Kim received the first prize at the Jefferson Symphony Orchestra International Young Artist Competition in 2008, the shared first prize at the 2nd Korea Herald Music Competition in 2010, the first prize at the 15th Eumak Chunchu Concours in 2010, the second prize at the 12th Strad Competition of Korea in 2010, among other national music competitions which he won since he was 8.

In international music competitions, Kim received the diploma at the 29th Rodolfo Lipizer International Violin Competition in 2010, and the 36th Rodolfo Lipizer International Violin Competition in 2017, the third prize at the 5th Yokohama International Music Competition in 2011, the juried prize for encouragement sixth prize at the 60th Nishinihon International Music Competition in 2015, the absolute second prize (first place amongst group) in the no age limit Category I pre-finals round at the International Music Competition Svirel in 2017, and the second prize at the Malta International Music Competition 2017. an honorable mention with good results at the Rising Stars Grand Prix International Music Competition Berlin 2018.

He was the recipient of the Salon de Virtuosi in 2006.

==Performances==
Kim performed at the Euro Music Festival the Eumyoun Music Festival, the Great Mountains Music Festival, the Walnut Hill Summer Music Festival, and the Young Musicians Festival. His other performances were at the North American concert halls, Muttart Hall, Winspeare Center, the Lincoln Center, and Yale University.

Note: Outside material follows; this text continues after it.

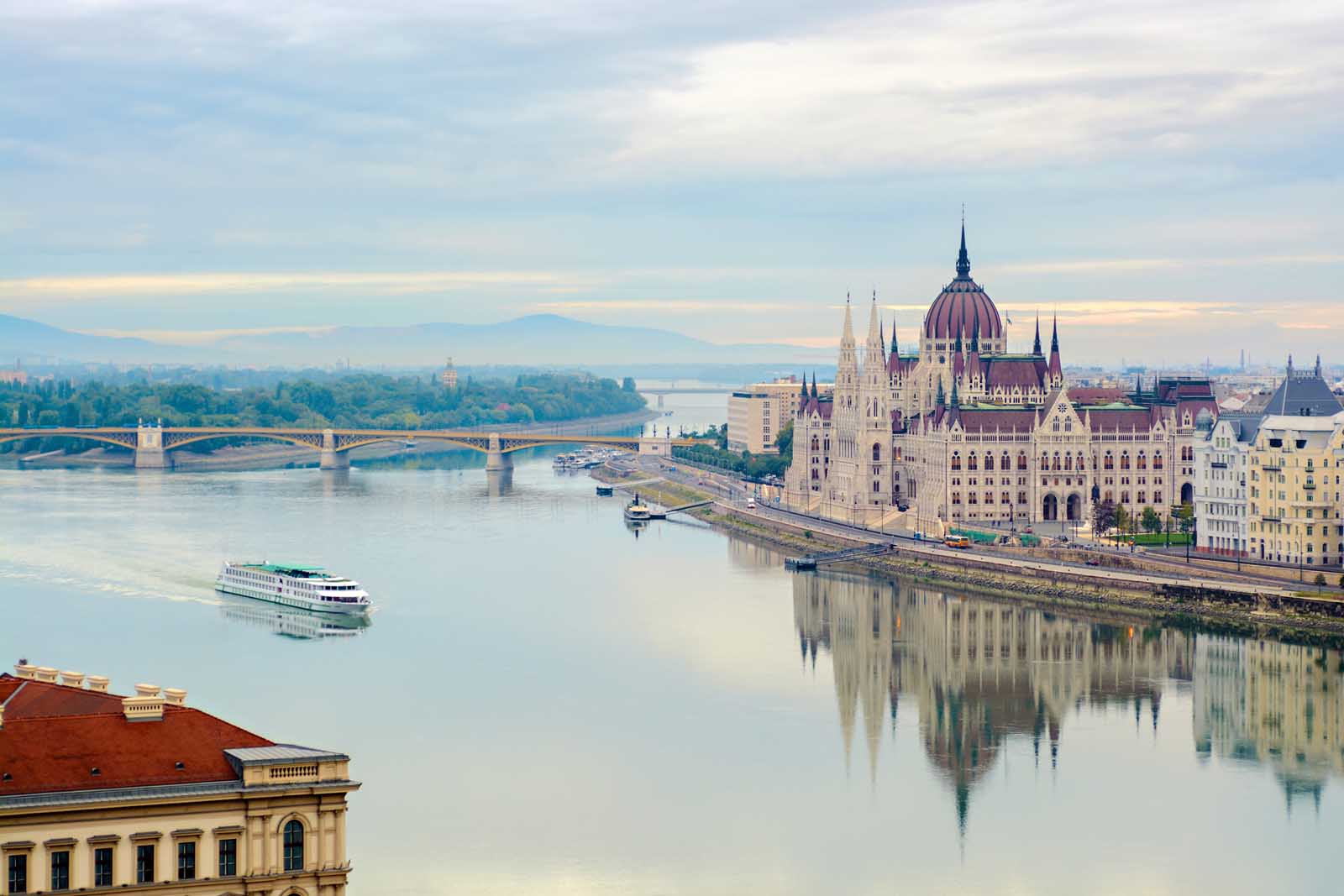 Las mejores cosas que hacer en Budapest Crucero por el Danubio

In addition, he performed at the Metropolitan Museum of Art, the McGraw Hill Financial Young Artists Showcase, the Eugène Ysaÿe Sonatas recital, and the Amsterdam Airport Schiphol "Share your Talent" recital series.

==Instrument==
Kim played the Antonio Stradivari "Lady Tannant" for a single special occasion concert and usually played the Guarneri School violin loaned from the Stradivari Society. Since 2008, he plays with the Sergio Peresson.